Material for this task:
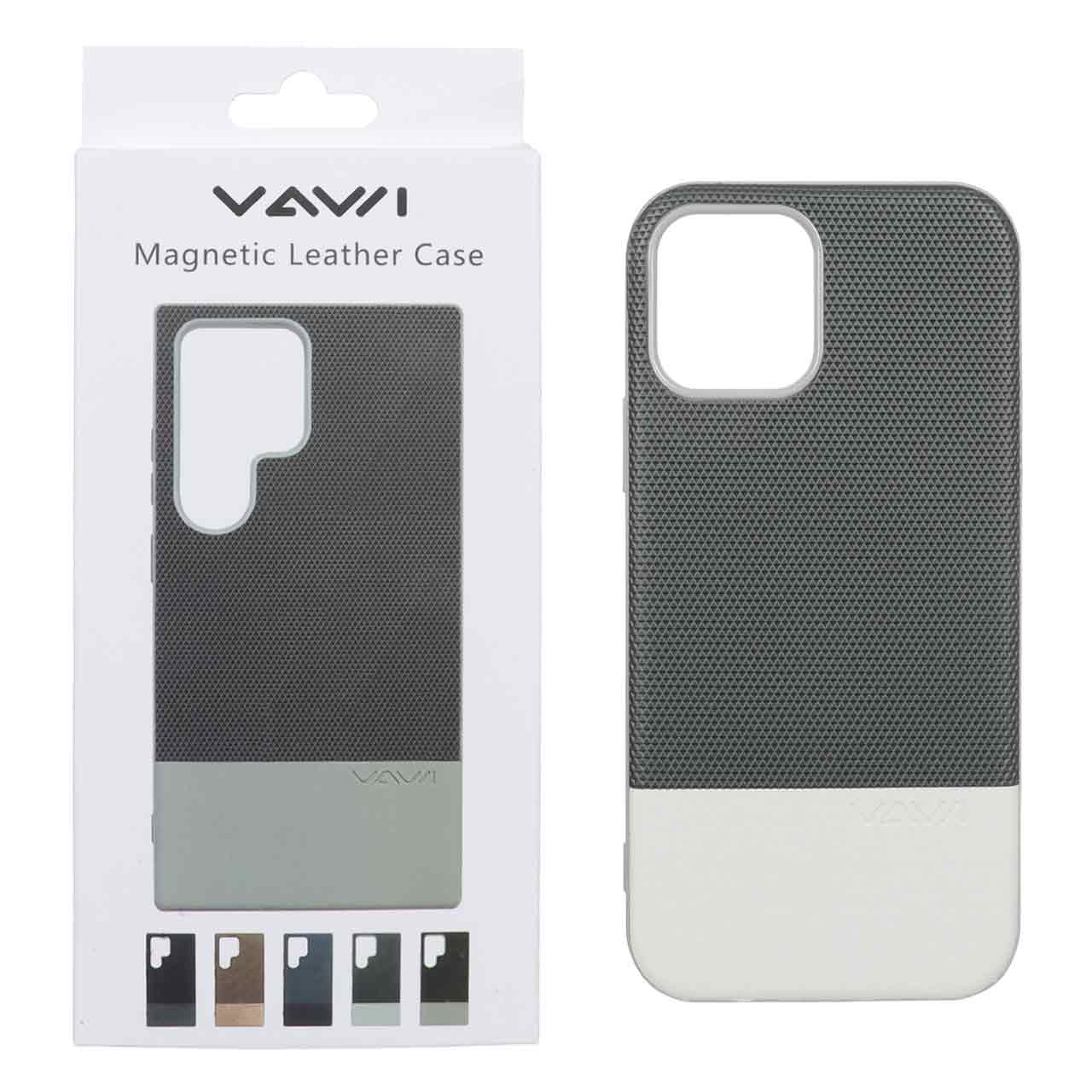 قاب Vawi چرمی دو تکه MagSafe مدل Apple iPhone 12 Pro / iPhone 12 - کرم (پک دار)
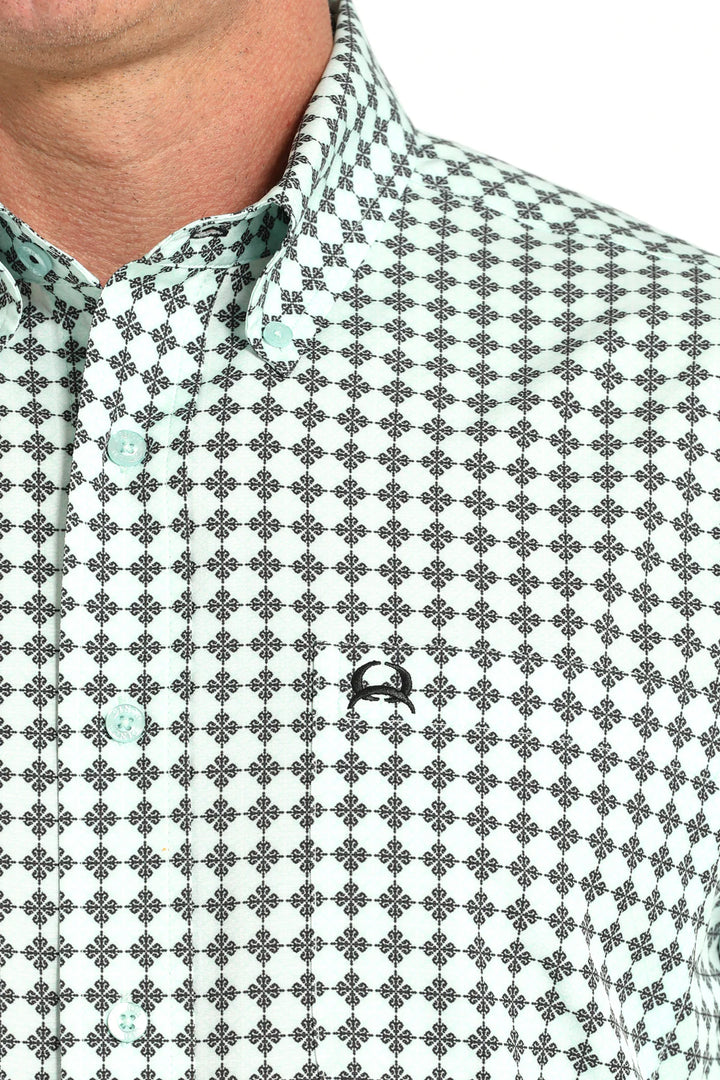 Cinch | Arenaflex Light Green Print SS Shirt Close Up View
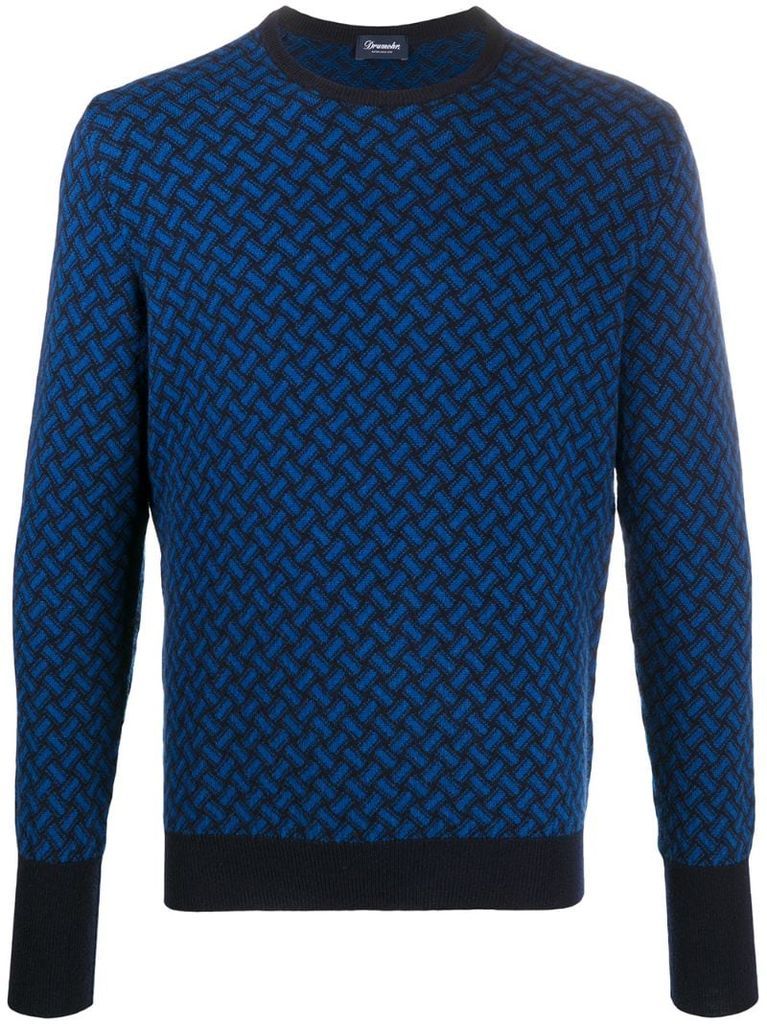 geometric-knit sweater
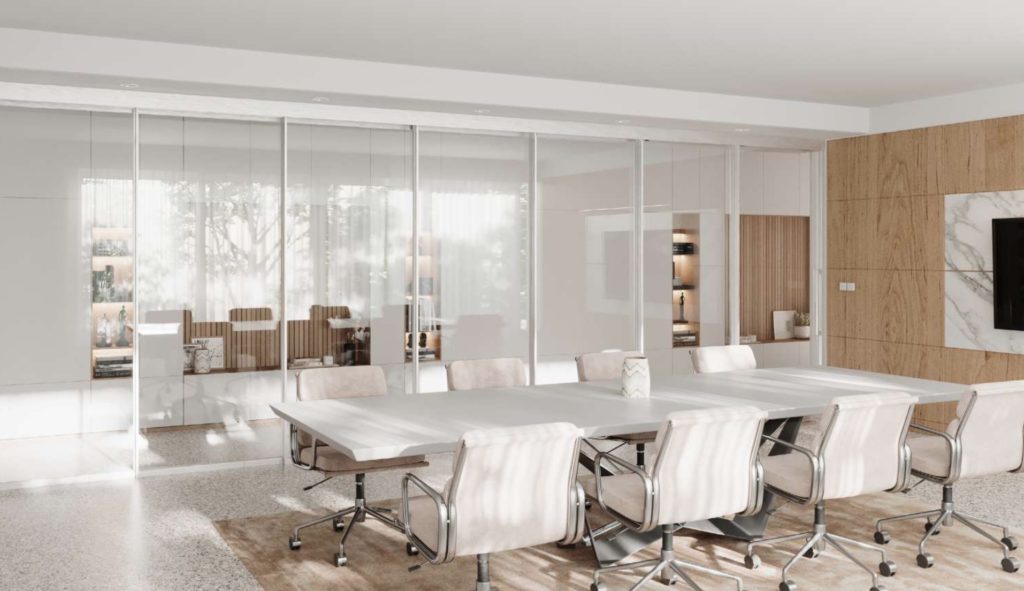 Muraflex Expo telescoping door system closed white in conference room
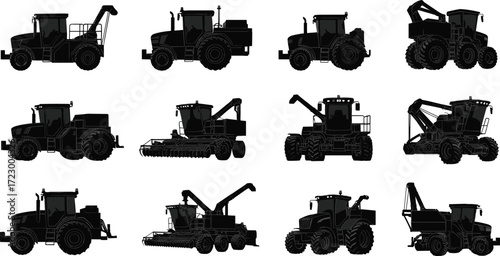 Agricultural and construction machinery silhouettes, tractor and harvester illustration, heavy equipment design, farming vehicle icons, industrial machinery concept art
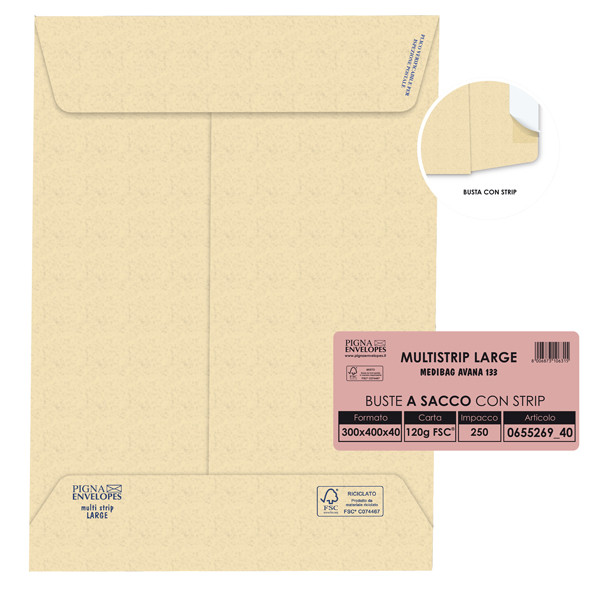 Busta a sacco Multi Strip Large - soffietti laterali - strip adesivo - 30 x 40 x 4 cm - 120 gr - carta riciclata FSC - avana - Pigna Envelopes - conf. 250 pezzi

Your assignment:
Your response should consist solely of the lines from the line with "Agricultural and construction" through the last line of the entries above, printed exactly and without pictures.

Result below:
 Agricultural and construction machinery silhouettes, tractor and harvester illustration, heavy equipment design, farming vehicle icons, industrial machinery concept art
 Busta a sacco Multi Strip Large - soffietti laterali - strip adesivo - 30 x 40 x 4 cm - 120 gr - carta riciclata FSC - avana - Pigna Envelopes - conf. 250 pezzi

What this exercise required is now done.